§ **Exercise material**

========================

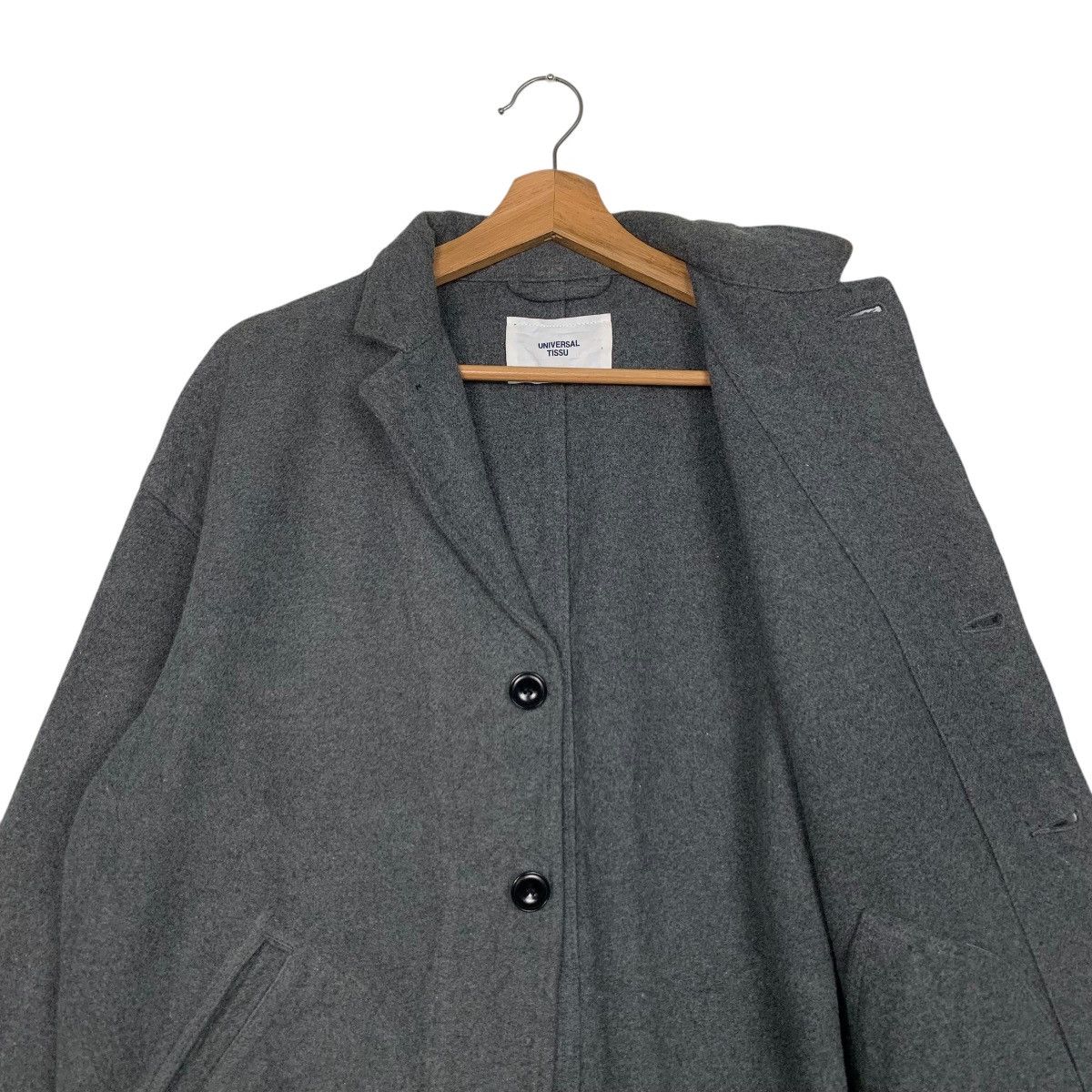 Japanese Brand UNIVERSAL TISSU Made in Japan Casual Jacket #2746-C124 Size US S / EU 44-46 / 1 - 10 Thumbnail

========================

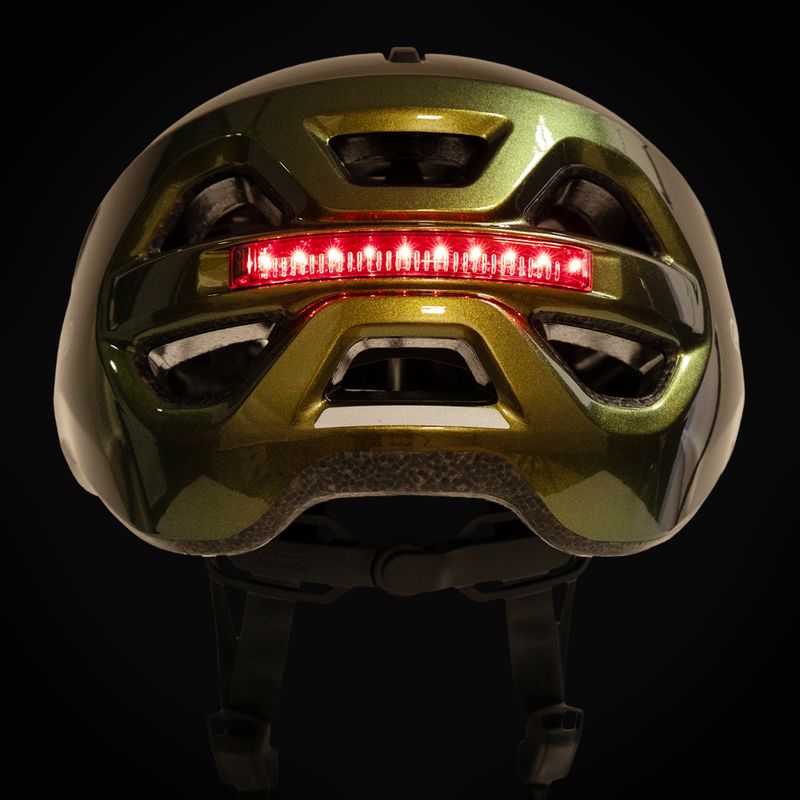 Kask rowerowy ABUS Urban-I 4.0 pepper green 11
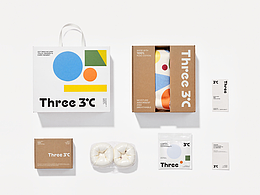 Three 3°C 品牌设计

========================

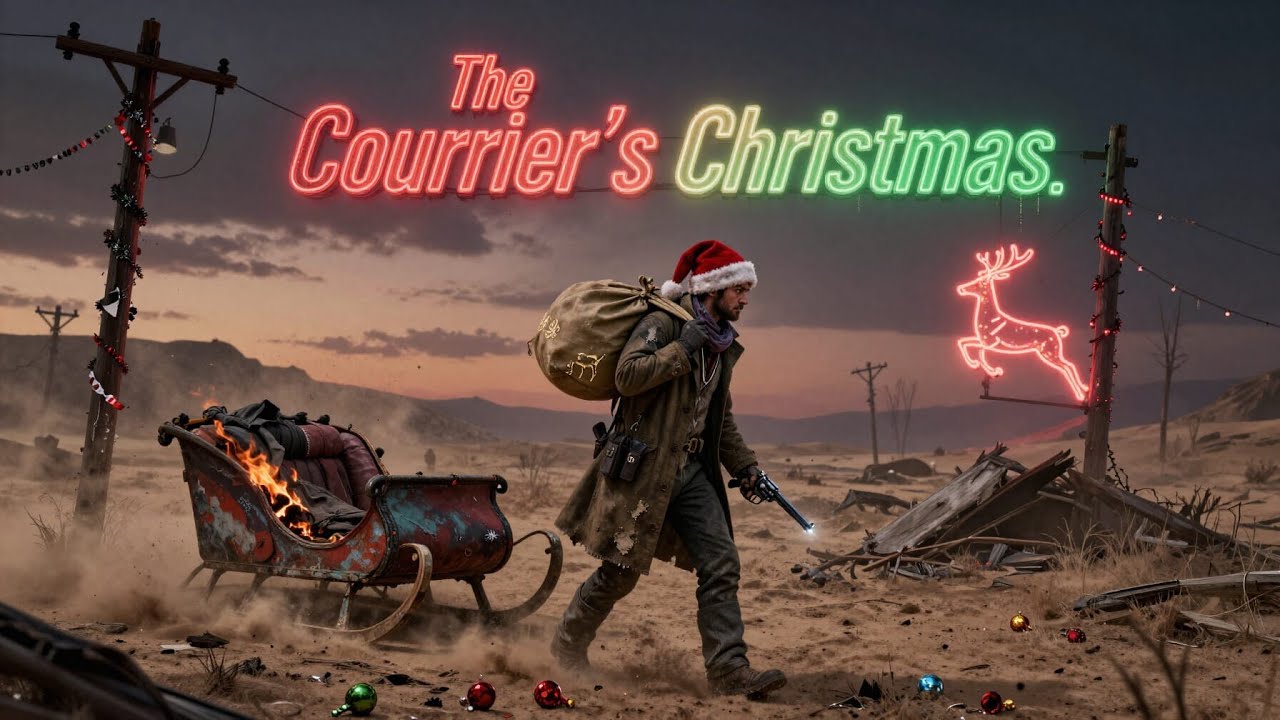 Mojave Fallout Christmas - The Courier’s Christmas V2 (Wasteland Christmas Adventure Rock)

========================

With pictures omitted, repeat the entries above word for word from the line holding "Kask rowerowy ABUS" down to the line holding "Three 3°C 品牌设计", keeping both of those lines.

§ **Answer to this task**
 Kask rowerowy ABUS Urban-I 4.0 pepper green 11
 Three 3°C 品牌设计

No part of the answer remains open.